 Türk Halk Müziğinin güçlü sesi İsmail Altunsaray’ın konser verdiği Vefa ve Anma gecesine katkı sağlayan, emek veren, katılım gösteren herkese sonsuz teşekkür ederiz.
::::::::::
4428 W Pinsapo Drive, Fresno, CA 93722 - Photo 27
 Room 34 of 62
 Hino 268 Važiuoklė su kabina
::::::::::
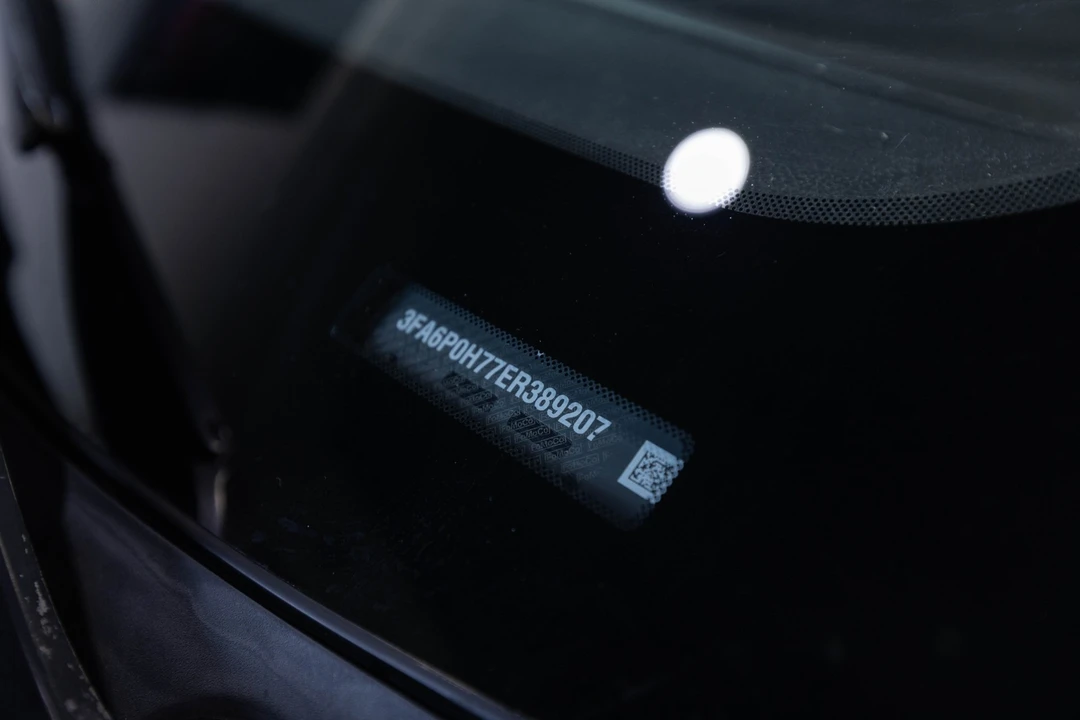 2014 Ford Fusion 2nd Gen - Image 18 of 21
::::::::::
The problem: Each line in the entries above, starting at the line with "4428 W Pinsapo" and ending at the line with "Hino 268 Važiuoklė su kabina", is to be printed exactly, and only those lines.

Solution to the exercise:
4428 W Pinsapo Drive, Fresno, CA 93722 - Photo 27
 Room 34 of 62
 Hino 268 Važiuoklė su kabina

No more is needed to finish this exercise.